▸ **INFORMATION SHOWN**:
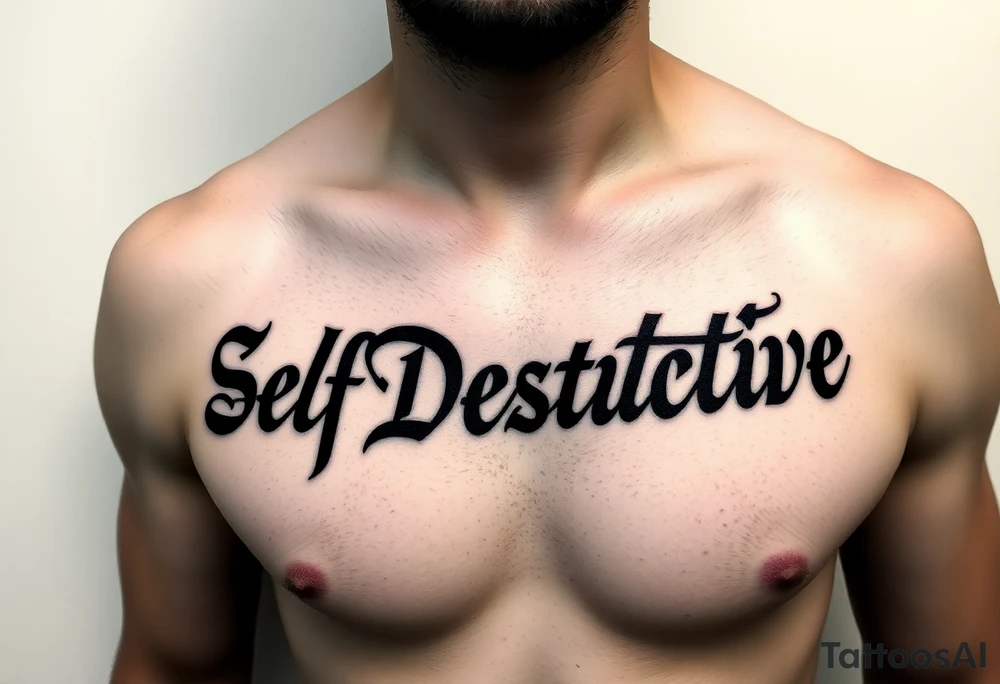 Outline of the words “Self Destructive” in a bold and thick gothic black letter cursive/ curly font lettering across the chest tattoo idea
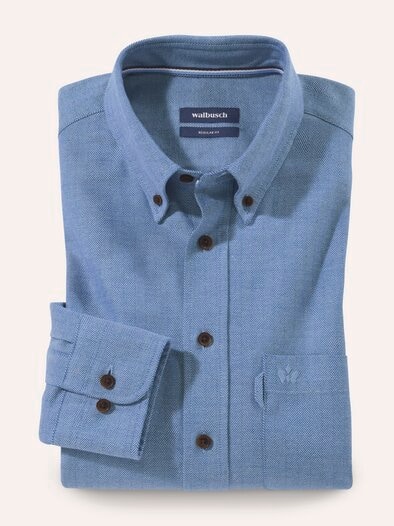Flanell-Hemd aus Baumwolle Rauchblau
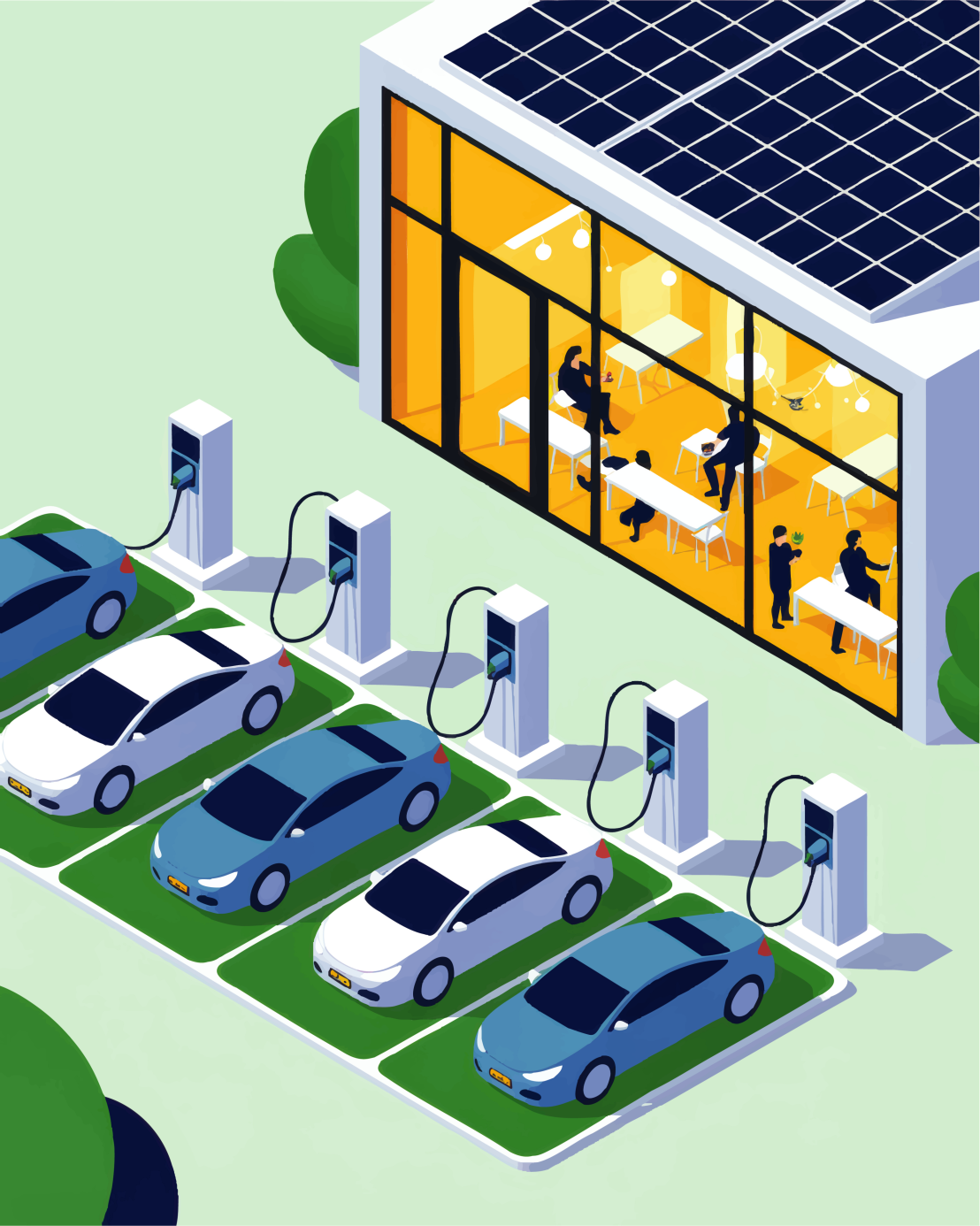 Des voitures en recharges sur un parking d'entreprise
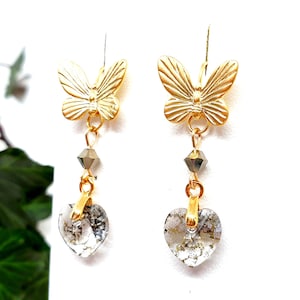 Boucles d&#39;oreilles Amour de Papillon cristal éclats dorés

==

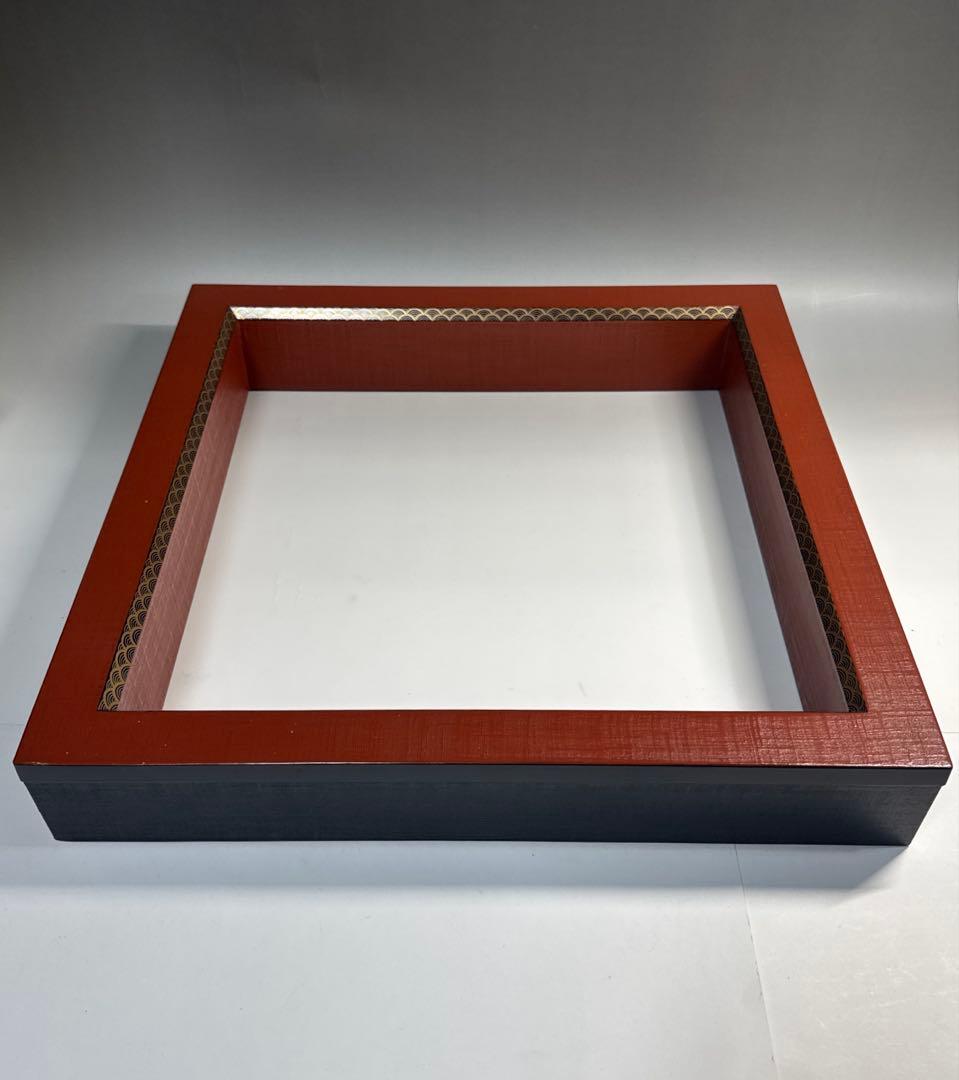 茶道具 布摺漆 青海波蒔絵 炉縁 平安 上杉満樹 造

▸ **EXERCISE**:
Although pictures appear among the entries, please set down only the lines from the one with "Outline of the" up to and including the one with "Boucles d&#39;oreilles Amour", word for word.

▸ **SOLUTION TO THIS TASK**:
 Outline of the words “Self Destructive” in a bold and thick gothic black letter cursive/ curly font lettering across the chest tattoo idea
Flanell-Hemd aus Baumwolle Rauchblau
 Des voitures en recharges sur un parking d'entreprise
 Boucles d&#39;oreilles Amour de Papillon cristal éclats dorés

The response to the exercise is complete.